Lexus is looking to the compact segment with the LF-SA concept, a vehicle that previews a possible A-segment contender from the Japanese luxury brand. The very contemporary, albeit aggressive, vehicle was designed at Toyota’s European Design Center, ED2, in Nice, France.
“It was a study of the package — the starting point was the iQ package — we to wanted to create a very small car for the Lexus brand that gives the impression of smart sophistication,” says exterior designer Laurent Bouzige.
The LF-SA concept, roughly the size of the Toyota Aygo though slightly wider, features a very angular design and a fresh exploration of definitive Lexus design cues, such as the spindle grille. In this iteration, the grille’s angular pattern flows outwards from the central Lexus emblem, developing from a two-dimensional graphic to a three-dimensional form.
The LF-SA’s long headlamps set high on the front — with separate indicators beneath — also serve to give the car a very expressive, though polarizing, front face, that stretches over into the shoulder, expanding the width of the car.
“The problem with a small package is that it’s really difficult to make a line design, the lines are really short,” explains Bouzige. “So we decided to deconstruct the volume in order to obtain some line effect and vacuum-formed surfaces, which is why in the end it became quite angular.”
The body side of the LF-SA is therefore created from a number of elements: Its faceted surfacing shows a clear division of the surfaces, with contrast-colored panels designed to make the car appear larger than it actually is. It also fits in well with Lexus’ design ethos.
“We tried to keep Lexus fundamentals of L-Finesse, the Lexus design philosophy,” continues Bouzige, “And we were really inspired by the NX [production SUV], which is kind of the brother. We tried to think about how to make this design language more appropriate for a small car and for the future.”
There are also a number of interesting details: The matte paint on the panel below the large side window, or day-light-opening (DLO), draws the eye down to make the window appear larger and enhance the spacious feeling, while a special metallic paint has been applied to the gloss areas to break up the surfaces even further. In the shadows, it appears to lose its metallic appearance. The body is underscored by a carbon element that also runs over the wheelarches. Made from mixing a carbon fiber with a light resin, the trim panels are then finished in satin. It is a new graphic treatment to conventional, weaved carbon fiber.
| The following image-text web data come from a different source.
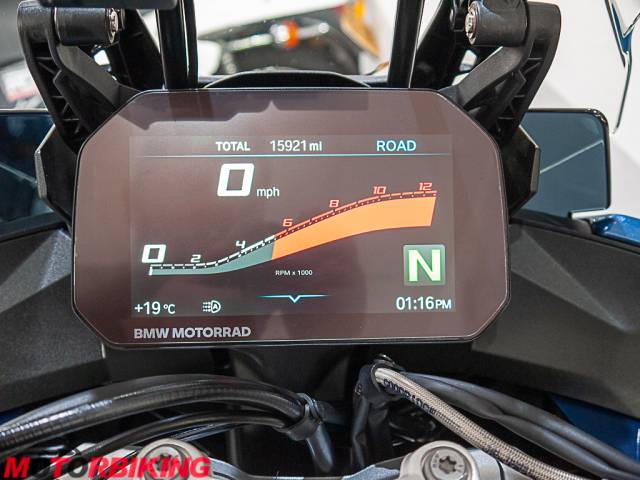 2024 BMW S1000XR TE Photo #31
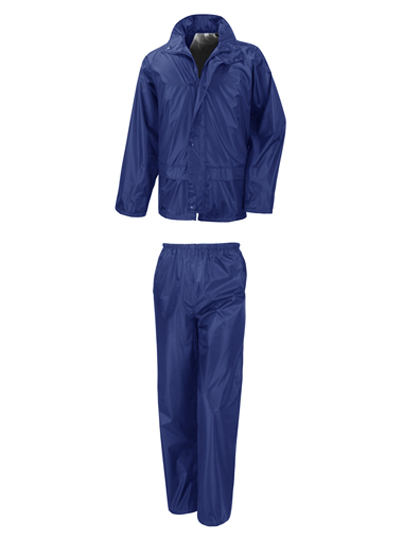 Bunda Result Core Rain Suit Bunda Result Core Rain Suit
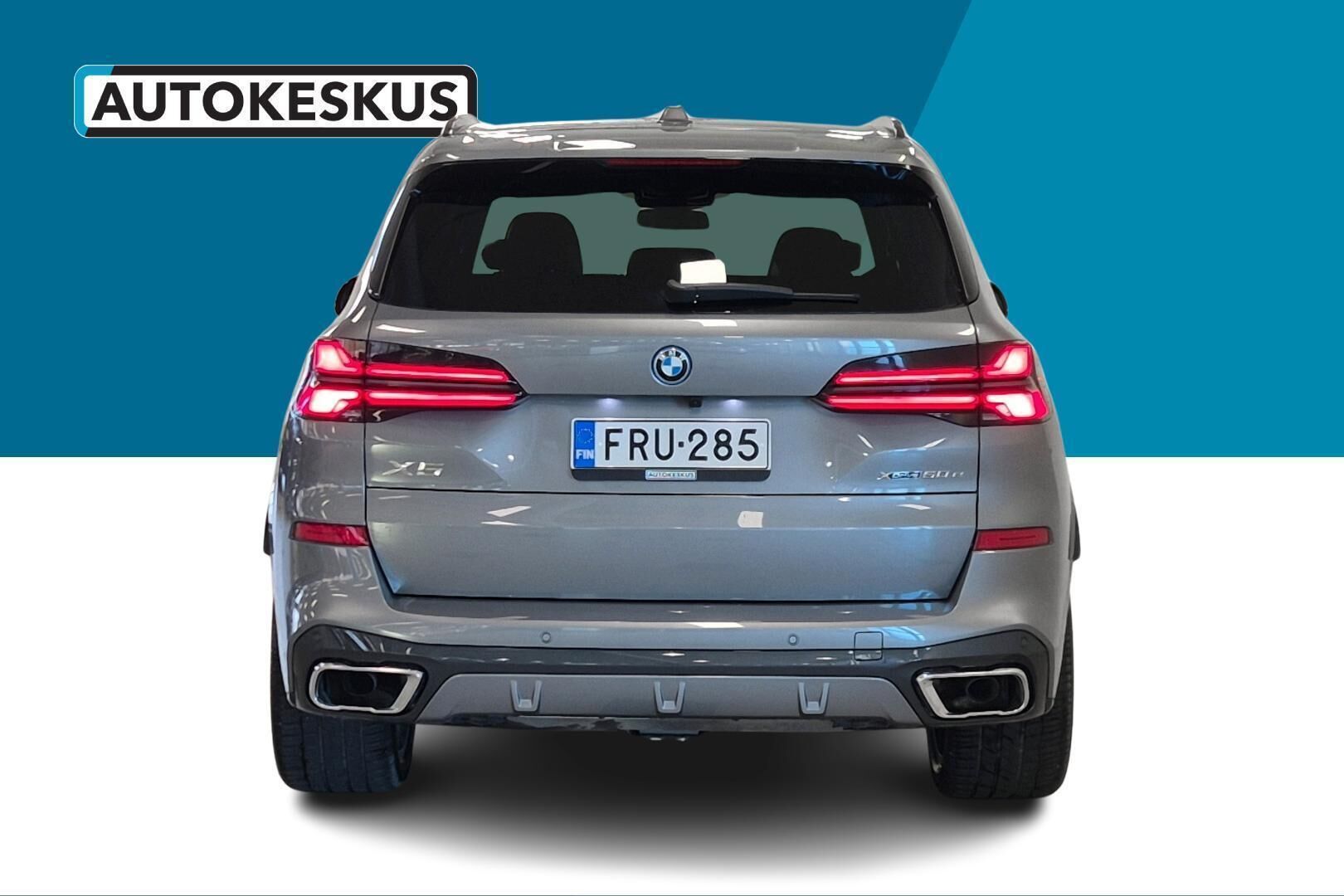 BMW X5 iso kuva 18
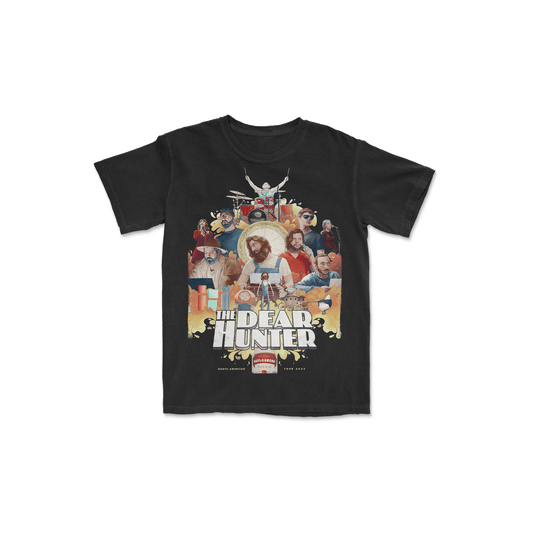 Poster Tee (Black)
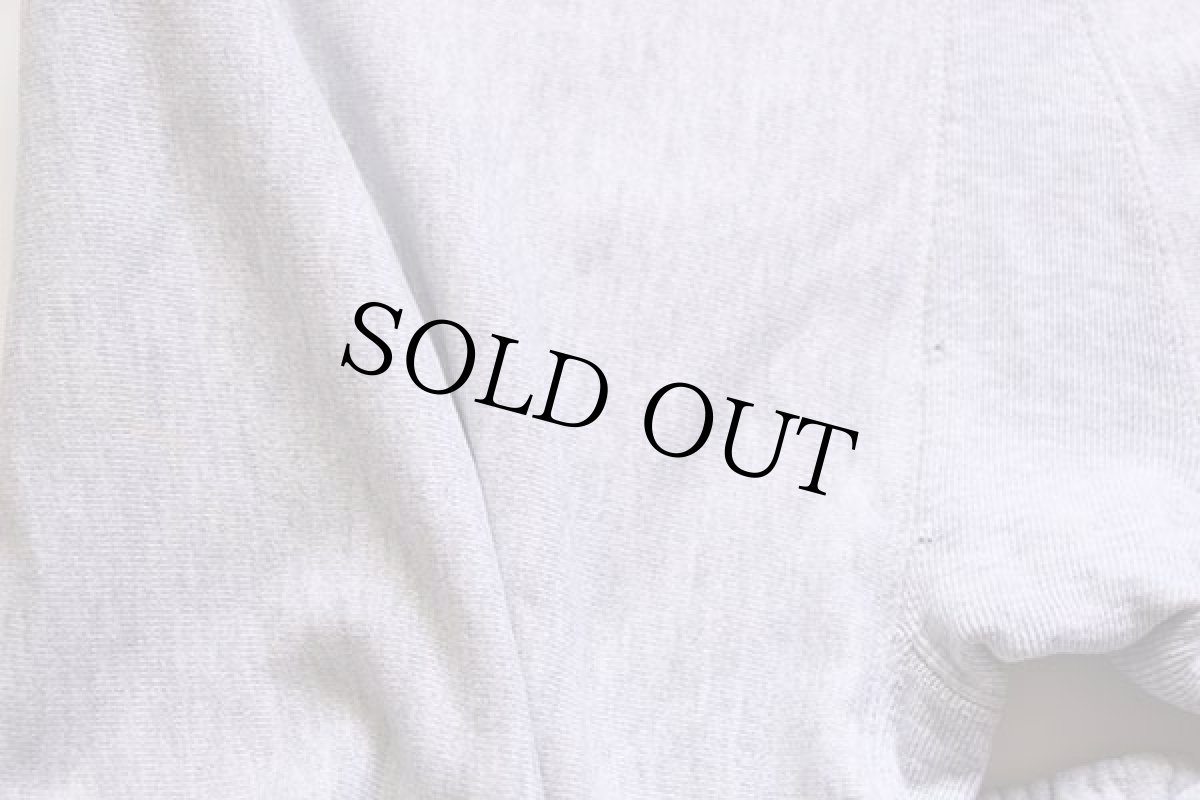 画像7: 80s USA製 Championチャンピオン UMD リバースウィーブ スウェットパンツ 杢グレー L (7)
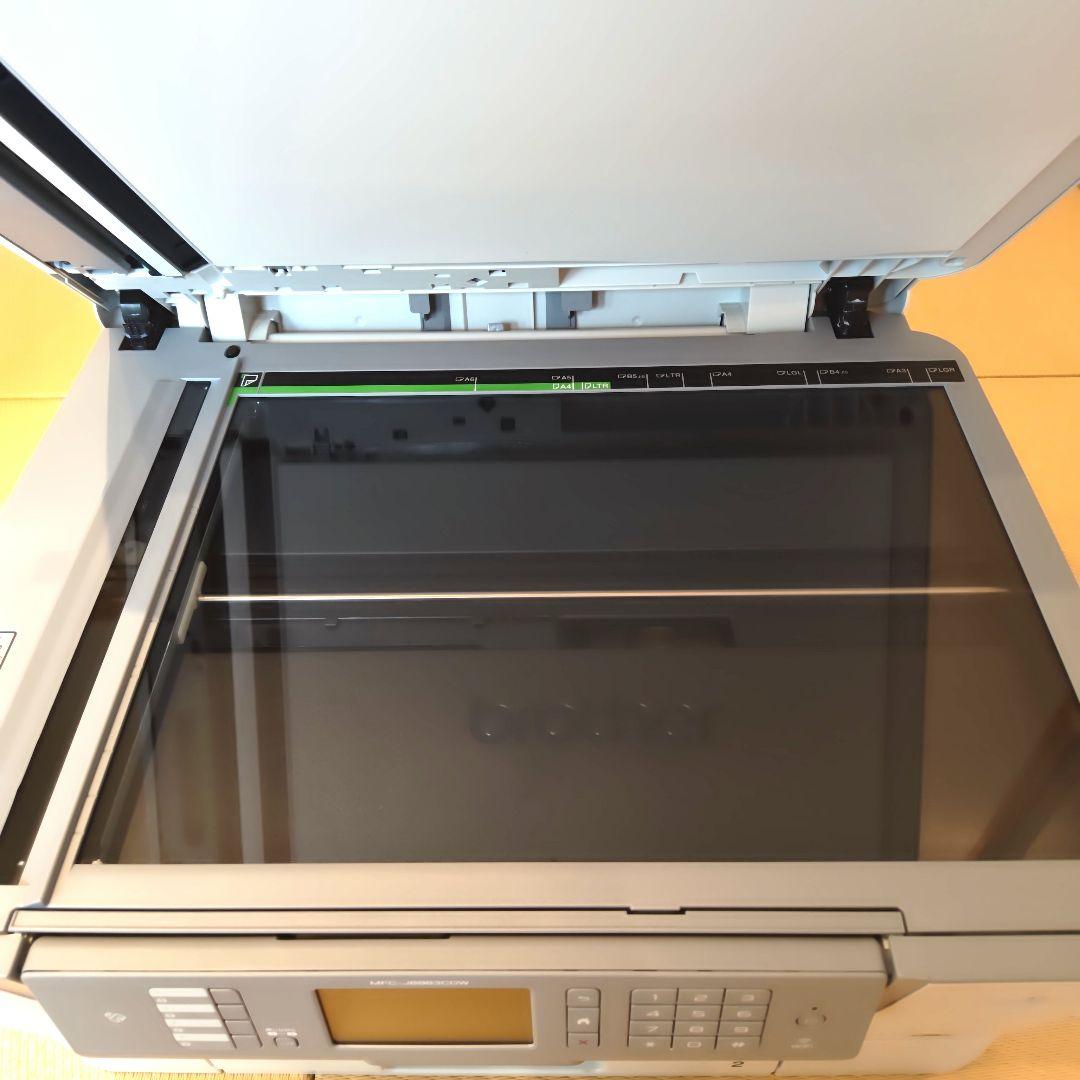 インク付 Brother プリンター複合機 A3 MFC-J6983CDW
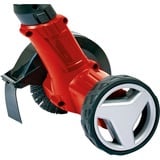 EINHELL GE-CC 18 Li - Solo raspador eléctrico, Limpiador de articulaciones rojo/Negro, 2,04 kg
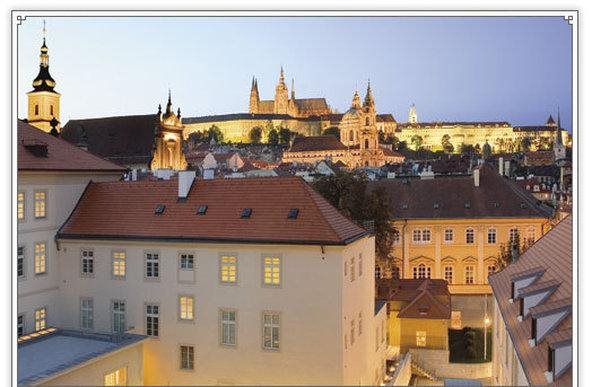 Mandarin Oriental Prague 1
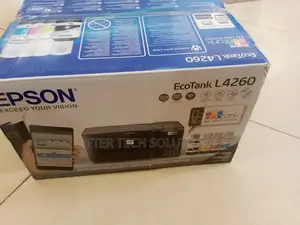 Epson Ecotank L4260 A4 Wi-Fi Duplex All-in-One Ink Tank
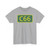 Schild C66 NA (Namibia) (Road Sign) T-Shirt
At the rear, the backlight protrudes from the main volume, pushing outwards to a sharp end and a negative surface below. This was done to graphically extend the LF-SA’s roofline while also enhancing the perception of space within the interior. The rear lamps also float cantilevered off the trunk, connecting with the rear fenders to enhance the width of the car.
The LF-SA’s interior also harnesses the exterior design language with very angular forms, but it too is a progressive space. A contrasting blue and white color scheme separates the driver and passenger areas with a clear asymmetry to the instrument panel to draw attention to it ‘driver’s car’ intention.
“We set out to create an architecture that was more focused on the driver,” says interior designer Shahidul Alam. “But we wanted to do something that was more progressive in terms of luxury by pushing the boundaries of L-Finesse. Some of the key elements of design were based around the principles of crafted finesse, manipulation of lightness and material fusion.”